Photobook Review: Tender by Carla Williams

In TBW’s latest publication, the rediscovery of Carla Williams' archive of self-portraits is about the need to take pictures you've never seen before in your life. And about one belief: that nothing should ever bother us in a photograph of our body.

“Time is such a funny concept, isn’t it?” says Carla Williams as we speak on the phone. “Anyways, it just sort of collapses”.

One could tell the story behind Carla Williams’ photographs starting from many different points in time and space. The way she does so begins in a shop in New Orleans, right before Covid. The shop is called Material Life and it’s her own. Among the various, affordable art objects she collects and sells are some vintage photographs. Among the vintage photographs are some self-portraits she took a long time ago. 

“My photographic work was completely out of my mind”, she says. “It had been set aside for years. I had made photographs intermittedly, just on my own, from 1984 up until about 2009. I did so very sporadically: I did not pursue an art career - and no one seemed to be ever really interested in my work, which in college was perceived as vain”. A customer of Material Life is a photographer, and gets to show the work to TBW’s publisher Paul Schiek. “It was really out of the blue, and it was such a surprising and such a fun thing because, who doesn’t like books? Paul was so lovely, I just instantly said yes, it seemed just a fun thing to do at this point in my life”.
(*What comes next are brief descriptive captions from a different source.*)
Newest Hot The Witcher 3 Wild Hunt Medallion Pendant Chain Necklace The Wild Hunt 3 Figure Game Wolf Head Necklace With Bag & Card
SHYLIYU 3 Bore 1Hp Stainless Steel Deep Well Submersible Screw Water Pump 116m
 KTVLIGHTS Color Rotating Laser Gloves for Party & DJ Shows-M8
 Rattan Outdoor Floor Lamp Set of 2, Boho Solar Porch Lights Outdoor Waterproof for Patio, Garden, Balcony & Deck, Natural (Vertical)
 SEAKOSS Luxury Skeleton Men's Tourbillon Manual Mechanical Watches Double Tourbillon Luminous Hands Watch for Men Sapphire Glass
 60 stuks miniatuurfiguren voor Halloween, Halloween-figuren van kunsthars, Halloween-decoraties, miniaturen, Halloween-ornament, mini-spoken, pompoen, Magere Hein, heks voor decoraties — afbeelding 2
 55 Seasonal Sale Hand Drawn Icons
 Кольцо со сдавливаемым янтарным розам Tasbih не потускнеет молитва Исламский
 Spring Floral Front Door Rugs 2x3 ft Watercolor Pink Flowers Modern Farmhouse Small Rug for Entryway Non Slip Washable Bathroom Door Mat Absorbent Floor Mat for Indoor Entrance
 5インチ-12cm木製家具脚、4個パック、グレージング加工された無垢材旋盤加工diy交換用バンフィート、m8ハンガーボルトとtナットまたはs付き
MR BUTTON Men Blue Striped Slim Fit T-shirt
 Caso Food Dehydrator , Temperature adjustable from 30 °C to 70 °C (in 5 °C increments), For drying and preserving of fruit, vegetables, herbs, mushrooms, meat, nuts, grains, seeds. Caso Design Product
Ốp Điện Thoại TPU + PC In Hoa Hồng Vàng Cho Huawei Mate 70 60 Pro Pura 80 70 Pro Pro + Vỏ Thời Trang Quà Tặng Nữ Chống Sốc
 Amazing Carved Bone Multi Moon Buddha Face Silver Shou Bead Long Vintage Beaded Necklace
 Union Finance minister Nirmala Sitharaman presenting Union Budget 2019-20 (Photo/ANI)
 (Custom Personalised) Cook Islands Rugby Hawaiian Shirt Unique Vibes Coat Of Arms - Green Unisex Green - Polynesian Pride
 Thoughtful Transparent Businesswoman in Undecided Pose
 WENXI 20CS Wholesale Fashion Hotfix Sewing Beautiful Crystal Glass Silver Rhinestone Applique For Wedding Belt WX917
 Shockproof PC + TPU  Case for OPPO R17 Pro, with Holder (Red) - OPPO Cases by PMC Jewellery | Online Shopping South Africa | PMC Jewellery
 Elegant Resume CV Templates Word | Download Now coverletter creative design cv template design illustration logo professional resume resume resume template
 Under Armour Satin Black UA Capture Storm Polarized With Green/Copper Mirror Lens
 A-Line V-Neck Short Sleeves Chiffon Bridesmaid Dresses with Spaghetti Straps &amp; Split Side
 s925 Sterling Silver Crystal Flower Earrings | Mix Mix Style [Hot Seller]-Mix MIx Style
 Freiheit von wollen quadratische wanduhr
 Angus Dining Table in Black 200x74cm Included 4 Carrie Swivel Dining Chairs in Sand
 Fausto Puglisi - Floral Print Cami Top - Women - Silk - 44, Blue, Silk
The now published Tender collects pictures Williams took of herself between 1984 and 1999. Going through it, we constantly jump from one year to the other. We move forward and back in time. As the oldest and the most recent merge seamlessly, we enter a space that “follows no chronological impulse” - as Williams points out. A space that stays consistent within, and beyond, time: on the pages of her book, Williams is forever a photography college student in her house, her camera forever on her tripod, her body standing fiercely in front of it.  Removing her images from their context and time was something Williams actively seeked for: “It was one of the reasons why I started to take my clothes off for the most part: I didn’t want any specificity of time period. I knew certain iconographies could really date the images, and I wanted to eliminate time as much as possible”.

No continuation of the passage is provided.